An unserem letzten Tag führt uns ein äthiopischer Freund, der in Somaliland lebt,
durch Hargeisa. Was es da zu sehen gibt? Eigentlich nichts, das ist ja so amüsant
daran. Wir besuchen z.B. ein Möbelhaus und sind gespannt, wie man sich denn hier
so einrichtet. Alles hier erinnert an Schloss Neuschwanstein! Nein, das ist kein Witz,
besser könnte man diese Möbel nicht beschreiben. Sogar unser äthiopischer Freund
ist hier noch nie gewesen und staunt. Dann der übliche Gang durch den Markt. Wir
wundern uns über ein paar Marktstände. Auf dem Boden sind päckchenweise Geldscheine
aufgestapelt (Somaliland-Schillinge) und warten auf Kunden, die diese eintauschen
wollen.
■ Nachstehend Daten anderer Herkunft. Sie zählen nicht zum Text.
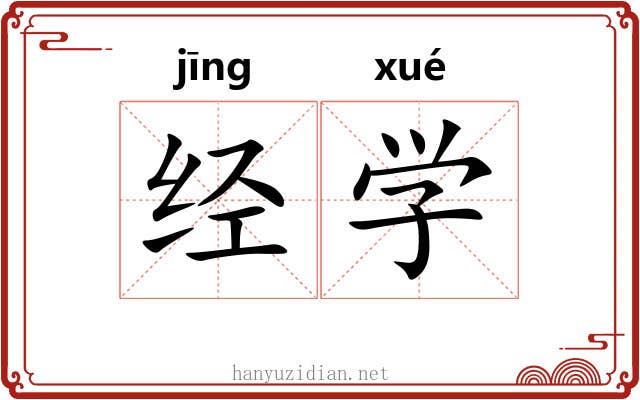 经学 经学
Mitten auf der Straße, aber absolut seriös, wird uns gesagt. Zum
Mittagessen gehen wir in ein Kamelfleisch-Restaurant. Es schmeckt köstlich, aber
zu viel sollte man auch nicht davon essen, sonst wird einem schlecht, nicht erst beim
Bezahlen der Rechnung. Für dortige Verhältnisse ist so ein Essen reiner Luxus.
Am frühen Abend führt uns unser Gastgeber noch in eine Werbeagentur, wir dürfen
ungeniert Fragen stellen und uns deren Arbeiten ansehen. Danach setzen wir uns in
ein jemenitisches Café, unser erster und einziger Kaffee in diesem Land, der hat sich
aber gelohnt. Danach wird mit unserer Reise-Agentur abgerechnet, sie zeigen sich
sehr kulant, da wir ja nur gewöhnliche Touristen sind und keine UN-Leute. Denn für
die gelten ganz andere Preis-Standards, unglaublich hohe nämlich. Von der Vorstellung,
dass man sich als Westler hier ohnehin alles ganz leicht leisten könne, mussten
wir uns schon am ersten Tag verabschieden.
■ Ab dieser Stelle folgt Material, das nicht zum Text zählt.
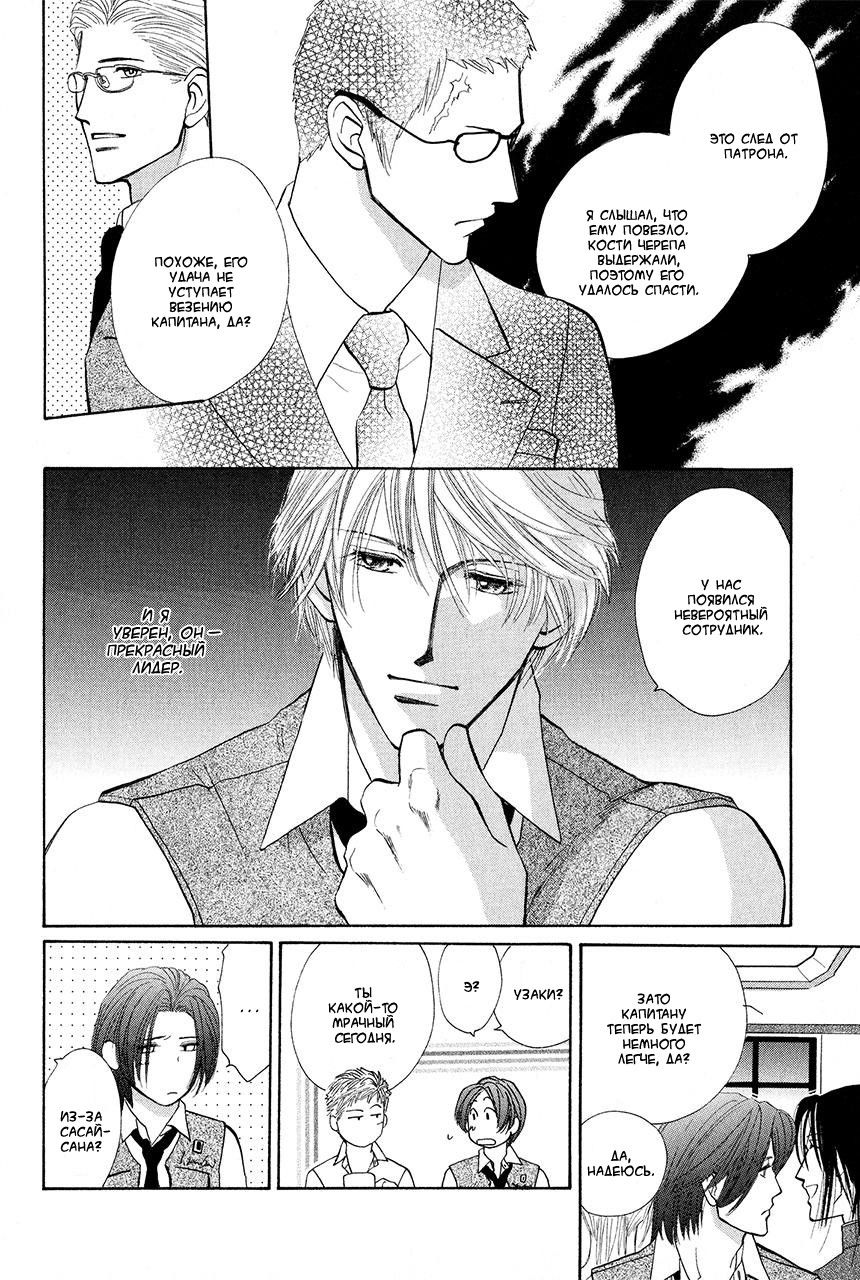 Манга Защитники Гарнизона - Глава 72 Страница 10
Am nächsten Morgen treten wir dann unsere Heimreise an. Zurück in Europa scheint
es uns, als wären wir aus einem Traum erwacht. Was ist geblieben von Somaliland?
Viele neue Freunde und der Wunsch, sie wiederzusehen. Großartige Eindrücke und die
Sehnsucht, noch weiter in dieses faszinierende Land vorzudringen. Erinnerungen, die
sogar ein bisschen schmerzen. Und die Hoffnung, irgendetwas für die internationale
Anerkennung Somalilands tun zu können, indem wir wenigstens darüber berichten.